#### DATA PROVIDED
'''

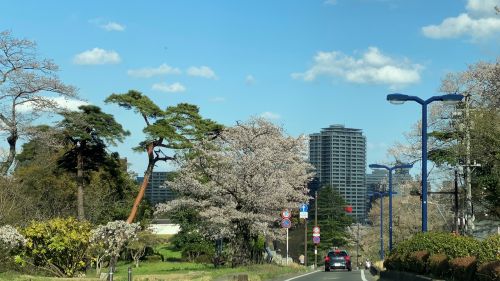City street lined with blooming cherry trees and blue sky, with modern buildings in the background and a car approaching on a sunny day.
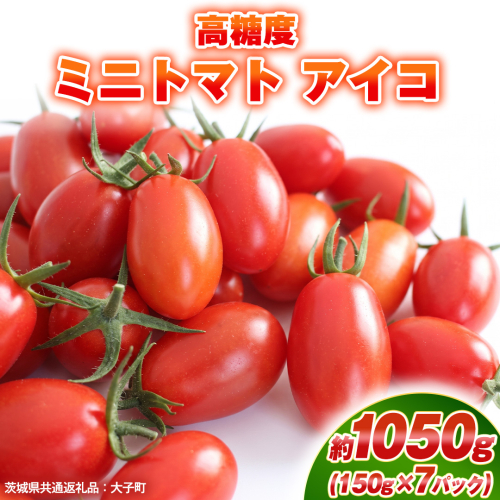 高糖度 ミニトマト アイコ 約1050g (150g×7パック)  ( 茨城県共通返礼品：大子町 ) ミニトマト ぷちトマト 高糖度 甘い 新鮮 野菜 サラダ 弁当 リコピン 農家直送 産地直送 [FC208us] 2810714 - 茨城県牛久市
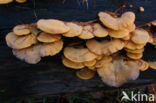 Oranje oesterzwam (Phyllotopsis nidulans)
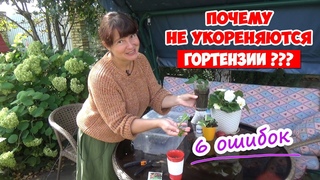 ЧЕРЕНКОВАНИЕ ГОРТЕНЗИИ - 6 Ваших ошибок! + Осеннее черенкование. Как сохранить черенки зимой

'''

#### WHAT IS BEING ASKED
Print only the lines from the opening line of the listing to the line containing "Oranje oesterzwam (Phyllotopsis nidulans)", inclusive, exactly as they appear and without pictures.

#### RESPONSE BELOW
City street lined with blooming cherry trees and blue sky, with modern buildings in the background and a car approaching on a sunny day.
 高糖度 ミニトマト アイコ 約1050g (150g×7パック)  ( 茨城県共通返礼品：大子町 ) ミニトマト ぷちトマト 高糖度 甘い 新鮮 野菜 サラダ 弁当 リコピン 農家直送 産地直送 [FC208us] 2810714 - 茨城県牛久市
 Oranje oesterzwam (Phyllotopsis nidulans)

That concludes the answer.